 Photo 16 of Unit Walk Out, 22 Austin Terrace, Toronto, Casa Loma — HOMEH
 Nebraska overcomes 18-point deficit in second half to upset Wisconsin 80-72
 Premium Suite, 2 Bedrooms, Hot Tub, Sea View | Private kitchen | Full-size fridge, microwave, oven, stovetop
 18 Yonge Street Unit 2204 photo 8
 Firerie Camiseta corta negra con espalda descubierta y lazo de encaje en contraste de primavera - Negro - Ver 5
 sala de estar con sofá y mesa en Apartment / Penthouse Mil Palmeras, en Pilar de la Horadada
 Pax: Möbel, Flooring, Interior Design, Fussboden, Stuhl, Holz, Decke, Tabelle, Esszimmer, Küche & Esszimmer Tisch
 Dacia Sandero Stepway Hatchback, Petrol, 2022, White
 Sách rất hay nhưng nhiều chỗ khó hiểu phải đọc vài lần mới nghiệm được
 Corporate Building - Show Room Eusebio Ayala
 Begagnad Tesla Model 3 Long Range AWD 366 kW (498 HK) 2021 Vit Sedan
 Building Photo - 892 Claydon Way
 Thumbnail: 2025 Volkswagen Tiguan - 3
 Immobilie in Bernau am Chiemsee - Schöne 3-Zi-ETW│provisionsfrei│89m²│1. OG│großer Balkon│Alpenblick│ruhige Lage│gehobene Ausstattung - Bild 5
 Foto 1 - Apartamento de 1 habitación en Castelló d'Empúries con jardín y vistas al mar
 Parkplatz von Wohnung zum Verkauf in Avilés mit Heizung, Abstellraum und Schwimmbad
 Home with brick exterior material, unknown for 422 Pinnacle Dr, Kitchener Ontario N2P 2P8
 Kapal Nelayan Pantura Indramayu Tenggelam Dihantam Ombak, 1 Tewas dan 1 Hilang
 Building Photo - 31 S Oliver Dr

──────────────────────────────

**WHAT IS REQUIRED**: Set down only these lines, exactly: the line containing "Foto 1 - Apartamento" and each line after it, through the end of the listing.

**TASK SOLUTION**:
 Foto 1 - Apartamento de 1 habitación en Castelló d'Empúries con jardín y vistas al mar
 Parkplatz von Wohnung zum Verkauf in Avilés mit Heizung, Abstellraum und Schwimmbad
 Home with brick exterior material, unknown for 422 Pinnacle Dr, Kitchener Ontario N2P 2P8
 Kapal Nelayan Pantura Indramayu Tenggelam Dihantam Ombak, 1 Tewas dan 1 Hilang
 Building Photo - 31 S Oliver Dr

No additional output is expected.